_PROBLEM REQUIREMENTS_. Please restate each line of the data below exactly. Omit all images.

_DATA SEGMENT_.
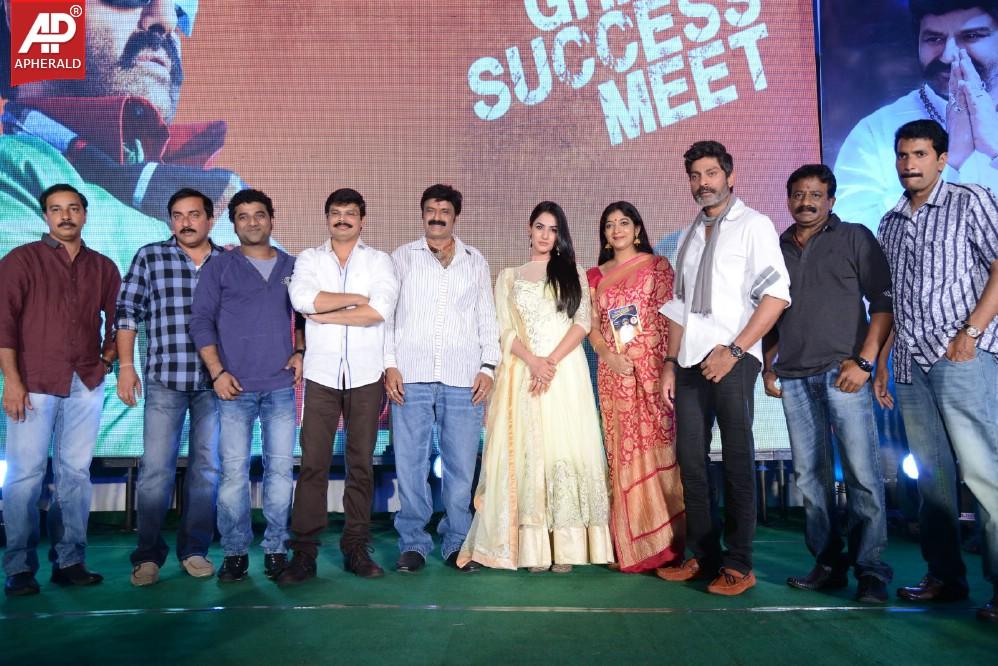 Legend Movie Success Meet 3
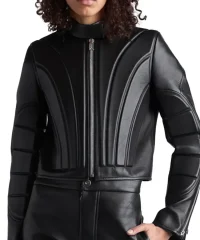 embossed-black-leather-jacket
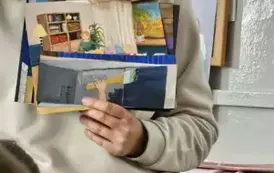Spotkanie z panią Katarzyną Samiło, autorką książek dla dzieci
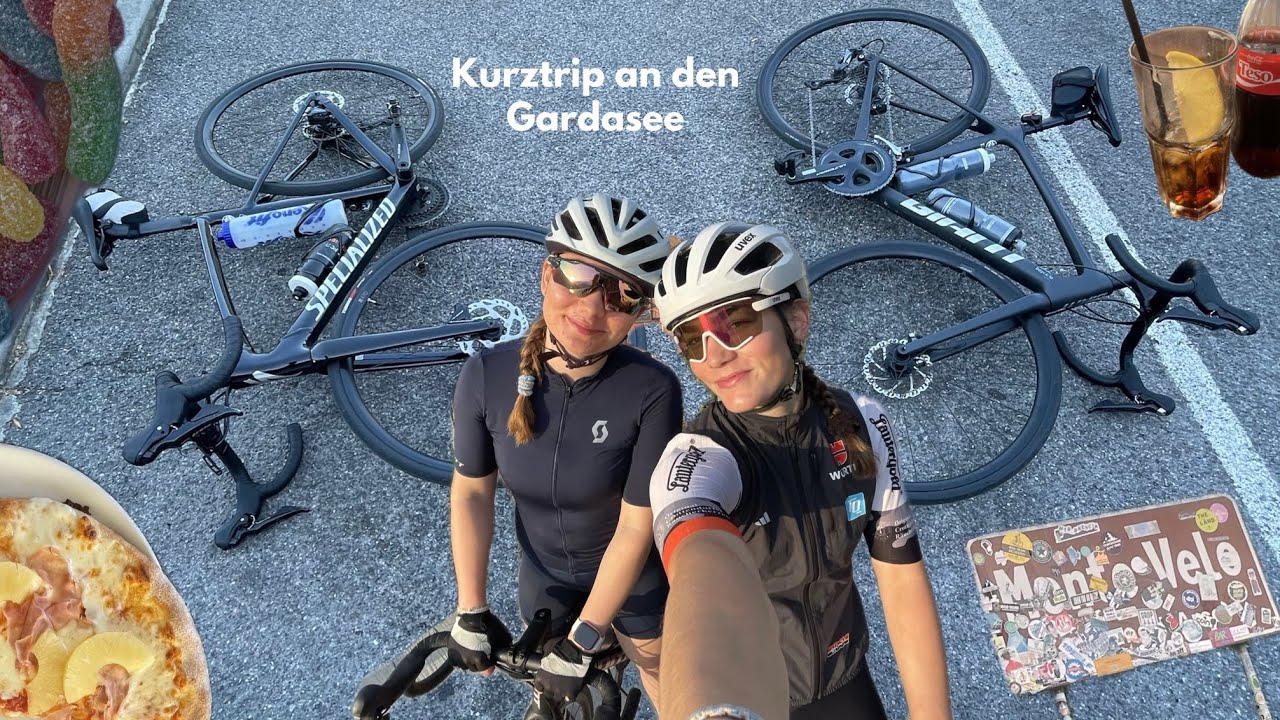 Kurztrip an den Gardasee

_WRITTEN ANSWER_.
 Legend Movie Success Meet 3
 embossed-black-leather-jacket
Spotkanie z panią Katarzyną Samiło, autorką książek dla dzieci
 Kurztrip an den Gardasee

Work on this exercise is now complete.